Cada aula, cada olhar, cada palavra, cada sorriso faz do nosso trabalho um encanto necessário para fazer aproximação com o aprendente e lhe apontar caminhos.
Não que devemos descartar a realidade (realismo), mas o real se tornar mais e melhor diante de convicções idealistas... Quando me apego e me nutro dos meus ideais estarei pronto para tratar a realidade (que no nosso caso educacional tem seus amargos perfumes tão conhecidos e estigmatizados por vários meios). A resposta para aquela simples pergunta: qual a razão que me faz acordar todos os dias? Responde várias outas quando sou um profissional idealista.
 O professo de avaliação, ou seja, verificar o desenvolvimento de competências é sempre um misto de decepções e surpresas. Primeiro precisamos estar cientes que não somos os donos do saber e não preciso criar expectativa apenas devemos direcionar os olhares e deixar que ela (ele)  'aprenda a aprender'. Cada educando desenvolve ao seu modo o processo e isso precisa ser acompanhado com entusiasmo e maturidade, isso eu chamo de zelo pedagógico.
Desde a postura de procurar observar o 'professor' até a sensibilidade para se envolver com a magia temos formulações de habilidades necessárias para a concretização do ser competente capaz de intervir no meio social.

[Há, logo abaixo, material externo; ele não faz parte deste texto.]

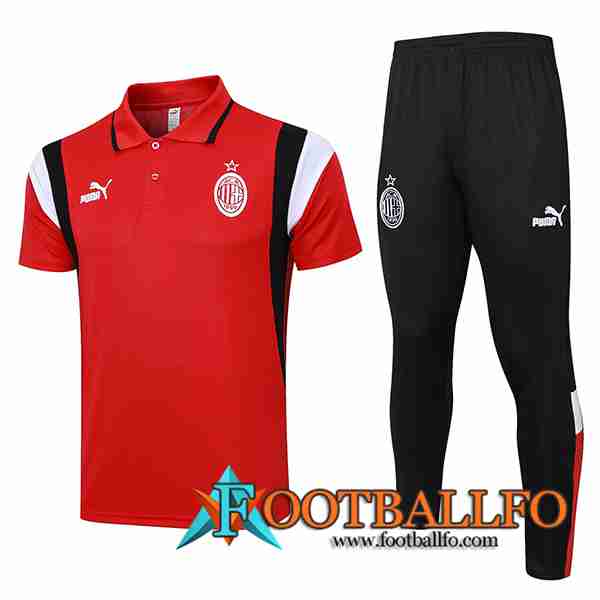 Camiseta Polo AC Milan Rojo 2023/2024 -03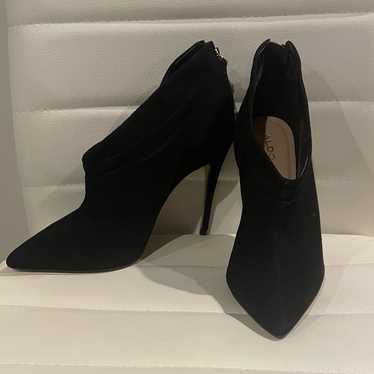 Aldo Black Suede Booties - image 1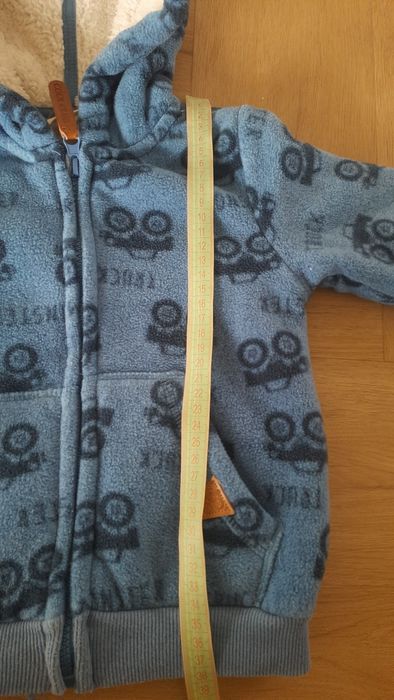 Ciepła pluszowa kurteczka/ kurtka chlopiec 92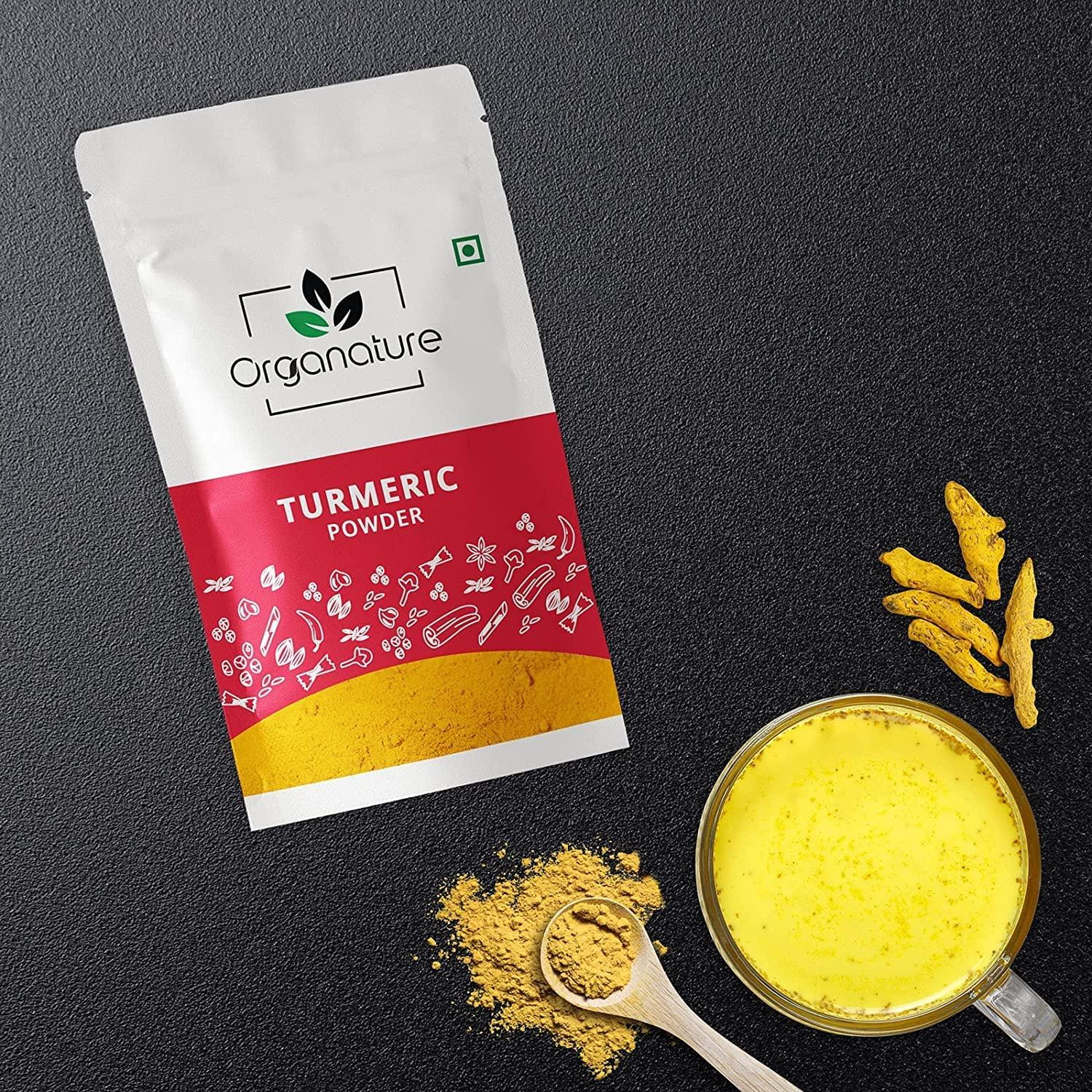 Organature Organature Natural Turmeric Powder | Haldi Powder | High High Curcumin Content Haldi Powder | Immunity Booster (400 Grams)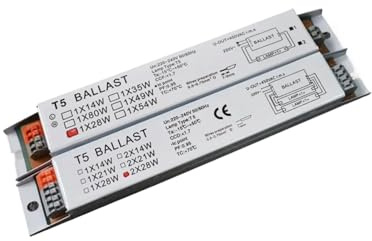 VISIYUBL 220-240V CA 2x54W/2x14W/1x21W/2x21W/2x28W/2x35W/1x54W T5 balastro electrónico balastos de lámpara Fluorescente(2x28W)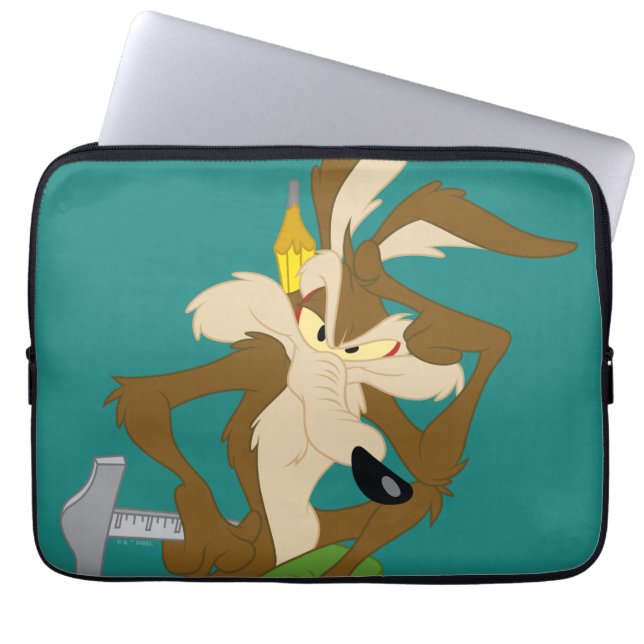 WILE E. COYOTE™ Planning Laptop Sleeve (Voorkant)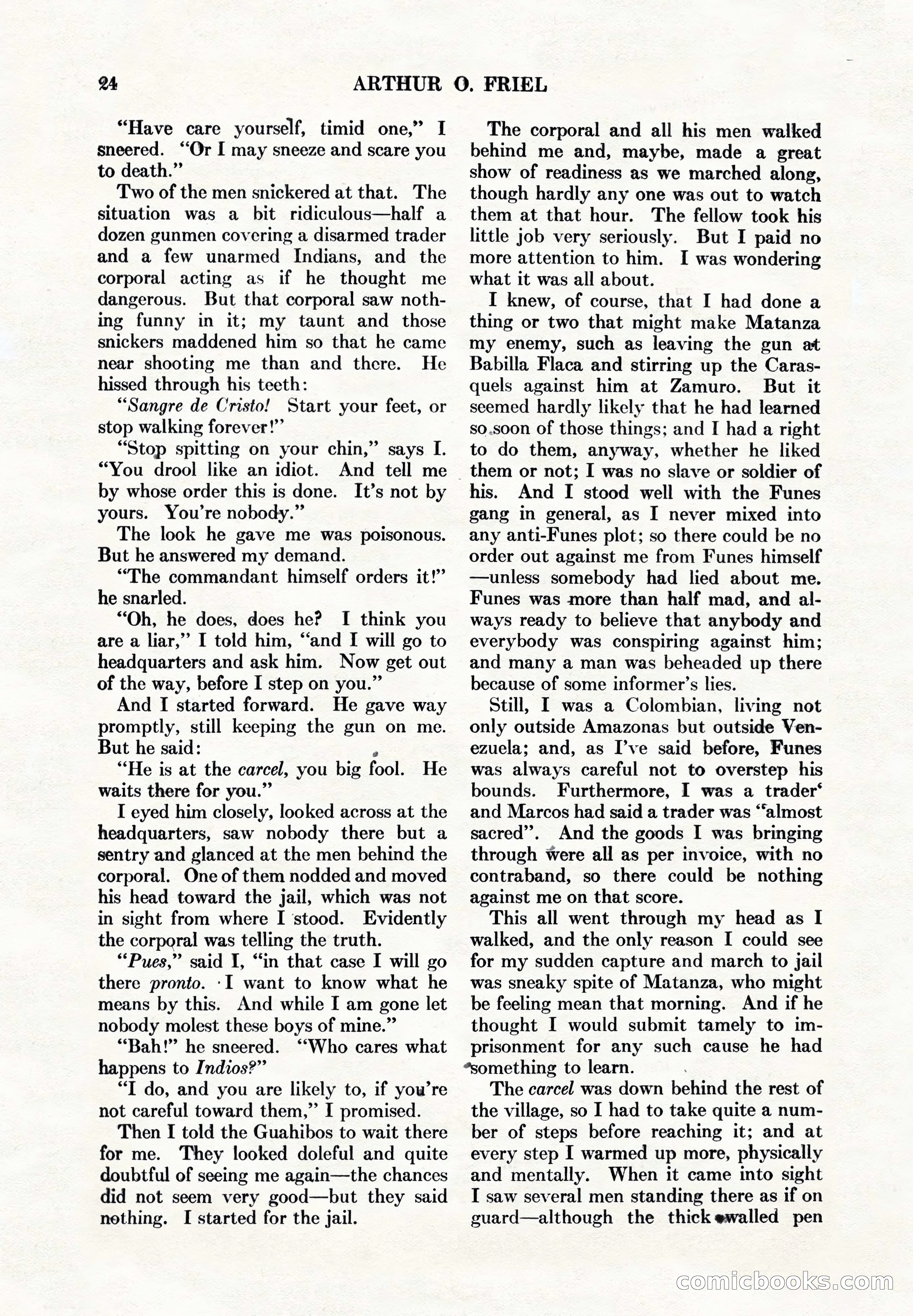 Adventure Magazine, May 1, 1928 — page 36 of 206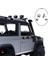 Rc Dikiz Aynası Döndürülebilir Yan Ayna 1:12 Mn D90 Buggy Hobi Dikdörtgen (Yurt Dışından) 3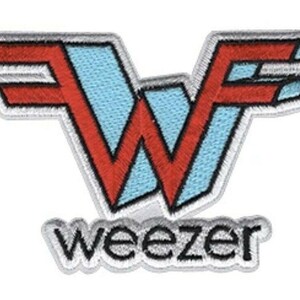 Weezer Official Logo Embroidered Patch W018P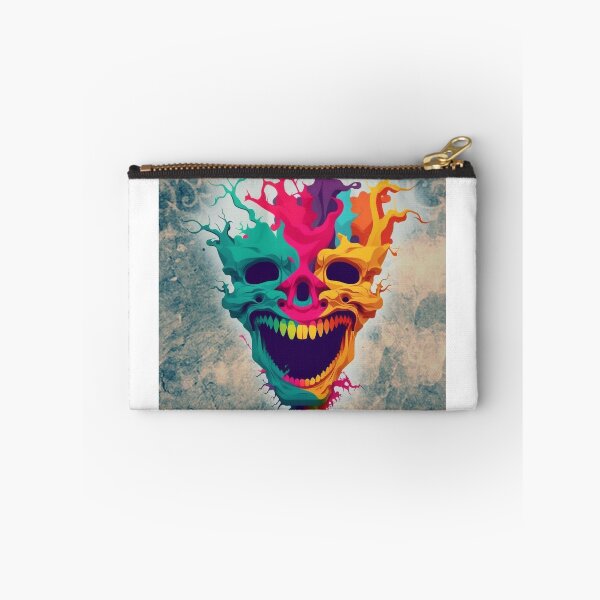 Item preview, Psychedelic Face Happy and Dark designed and sold by mind-melt-er.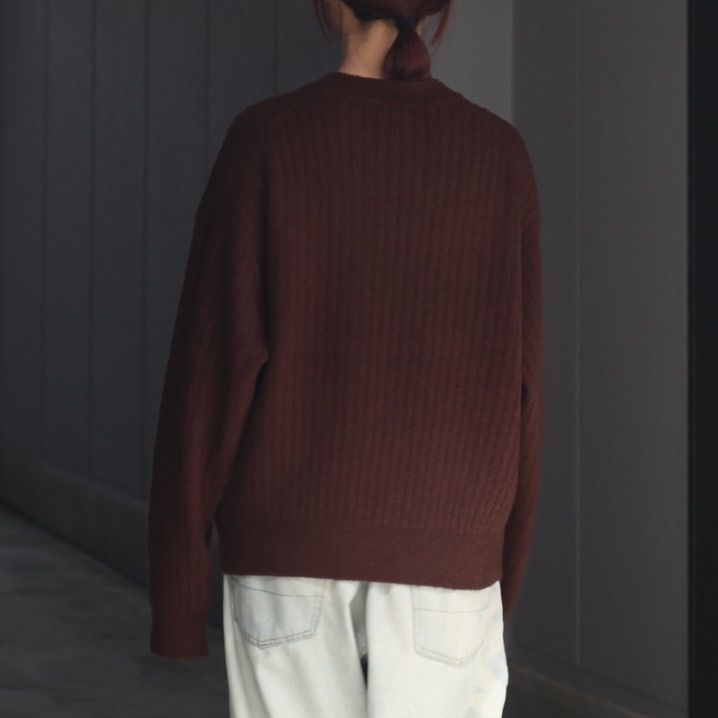 【残り一点】WO/CA Rib Pullover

Nesse belo processo poético-pedagógico a educação informal é uma ferramenta para a constituição da educação formal. Tecnologia em aula, problemas sociais e familiares deverão ser usados como ponto de partida do trabalho e não uma barreira dele.
Dessa visão de educação que comungo creio que todo conhecimento é significativo. Toda obra tem a participação do seu criador e preciso me ver no (na) aprendente. O movimento é maiêutica e singularmente representativo na consumação do processo, pensaríamos ainda que o processo não para nunca pois devo preparar o meu aprendente para sempre estar pronto a aprender estando ou não sob minha tutoria.

Comentários

  1. Otimo post, parabens... em algumlugar eu lia algo como "ser professor é profissão, ser educador é vocação"...e da-lhe vocação!